Policy-making agencies haven't done much better. The Zoning Board has been all too willing to compromise the city's gracious sidewalks by slicing them up with garage driveways, setting up dangerous conflicts between walkers and drivers. The Department of Licenses & Inspections rarely demands that developers provide safe passage for construction projects. And it's unheard-of to get cited for a broken sidewalk.
Part of the problem is that pedestrians, unlike bicyclists, never have banded together as a group to fight for rights and respect. Even though everyone walks at one time or another, pedestrians don't have a sense of identity, says Deborah Schaaf, a retired Philadelphia city planner now trying to reinvigorate the pedestrian-rights group Feet First Philly. "Pedestrians are really tough to organize," she concedes.
But there's some evidence that the pedestrians' moment may have arrived.
Now that the decades of decline and runaway crime seem to be over, and Philadelphia's population is growing again, police are finally starting to see pedestrian safety as a quality-of-life issue. Stober says his office is working to sensitize the department to the issues and encourage them to ramp up enforcement. In late April, days before Woods' death, his department secured a $525,000 federal grant to promote pedestrian safety on several of the most dangerous corridors in the city.
The question is, how should they do it?
In some cities, police have sought to reduce pedestrian injuries by cracking down on jaywalking. For a while, the Los Angeles police were even ticketing pedestrians who dared to step off the curb before the light changed. Such zeal is misguided, because it assumes that pedestrians - and not cars - are the problem.
In Europe, there's even a school of thought that responsible jaywalking is a good thing. It sounds counterintuitive, but the more obstacles that a street presents, the more carefully people will drive because they have to apply their full attention. Challenging street conditions may even discourage the scourge of texting and driving. Of course, jaywalkers are still obliged to yield to motorists and avoid tapping on their own phones.
In his book Walkable City, Jeff Speck singles out the complex, X-shaped intersection near Passyunk Avenue and Wharton Street - epicenter of the Pat's Steak/Geno's competition - as a great example of "human traffic calming" caused by complex conditions. Such design goes against conventional traffic-engineering wisdom, which seeks to eliminate all outside obstacles.
Stober agrees that issuing jaywalking tickets is the wrong approach. His department plans to spend most of the federal grant on an advertising campaign aimed at fighting "distracted traveling," reminding both drivers and pedestrians to put down their phones. Some money will also be spent to create training videos for police.

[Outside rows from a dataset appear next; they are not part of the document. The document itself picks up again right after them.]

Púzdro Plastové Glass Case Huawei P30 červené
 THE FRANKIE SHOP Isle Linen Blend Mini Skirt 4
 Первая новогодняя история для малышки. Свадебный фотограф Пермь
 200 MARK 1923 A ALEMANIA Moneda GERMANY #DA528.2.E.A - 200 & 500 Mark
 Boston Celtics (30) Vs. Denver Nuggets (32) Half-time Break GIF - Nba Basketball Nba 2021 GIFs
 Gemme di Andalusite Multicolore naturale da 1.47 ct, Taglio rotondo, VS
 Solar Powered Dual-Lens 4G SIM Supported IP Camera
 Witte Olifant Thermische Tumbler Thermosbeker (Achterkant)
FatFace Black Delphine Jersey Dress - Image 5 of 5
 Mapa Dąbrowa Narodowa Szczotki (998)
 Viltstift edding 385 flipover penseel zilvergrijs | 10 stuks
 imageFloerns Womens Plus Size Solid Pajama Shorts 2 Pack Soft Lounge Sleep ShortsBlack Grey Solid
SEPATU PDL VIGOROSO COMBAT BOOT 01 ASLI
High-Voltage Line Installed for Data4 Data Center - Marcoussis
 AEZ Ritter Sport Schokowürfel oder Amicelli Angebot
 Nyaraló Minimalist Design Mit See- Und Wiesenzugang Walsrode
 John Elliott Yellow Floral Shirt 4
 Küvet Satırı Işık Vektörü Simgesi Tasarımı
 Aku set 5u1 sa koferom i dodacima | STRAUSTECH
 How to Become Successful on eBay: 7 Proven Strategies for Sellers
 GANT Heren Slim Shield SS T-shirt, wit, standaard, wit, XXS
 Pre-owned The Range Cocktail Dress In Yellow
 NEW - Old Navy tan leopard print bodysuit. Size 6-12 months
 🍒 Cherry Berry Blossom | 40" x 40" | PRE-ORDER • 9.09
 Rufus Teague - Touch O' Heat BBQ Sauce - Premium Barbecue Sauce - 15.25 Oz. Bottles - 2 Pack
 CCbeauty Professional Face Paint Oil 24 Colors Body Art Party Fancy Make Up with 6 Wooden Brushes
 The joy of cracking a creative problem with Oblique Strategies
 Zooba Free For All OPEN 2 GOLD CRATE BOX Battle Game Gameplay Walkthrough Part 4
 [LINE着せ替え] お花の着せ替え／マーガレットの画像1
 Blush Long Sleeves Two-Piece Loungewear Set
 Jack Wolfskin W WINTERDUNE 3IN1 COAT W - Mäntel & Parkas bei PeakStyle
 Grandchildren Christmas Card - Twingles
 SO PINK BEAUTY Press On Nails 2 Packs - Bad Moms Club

Our notions about pedestrian safety are changing. While it's still common to call crashes like the one that killed Woods and Banks "accidents," pedestrian advocates such as Streetsblog.com are pushing for new words that shift more responsibility to drivers. New York's new mayor, Bill de Blasio, even ran for office on a pledge to cut pedestrian fatalities to zero.
It will take more than education and language changes to reverse Philadelphia's car-centric habits. Just this week, the Zoning Board approved four more garage-fronted rowhouses on Bainbridge Street, even though they are outlawed in the code. Nor have any charges been filed against the motorist who caused Woods' death.
There was a suggestion that the motorist suffered a seizure. Police say they are still investigating, and trying to figure out what caused the "freak accident" on Walnut Street.
Changing Skyline: Top 10 Corridors for Pedestrian-Involved Accidents
1. Market Street from City Hall to Eighth Street.
2. Chestnut Street from 22d Street to 16th Street.
3. Broad Street from Oregon to Snyder Avenues.
4. 52d Street from Baltimore Avenue to Sansom Street.
5. Allegheny Avenue from G Street to Martha Street.
6. Market Street from City Hall to 20th Street.
7. Chestnut Street from Broad Street to Eighth Street.
8. Broad Street from Allegheny Avenue to Cumberland Street.
9. JFK Boulevard from 15th Street to 20th Street.
10. Broad Street from City Hall to Vine Street.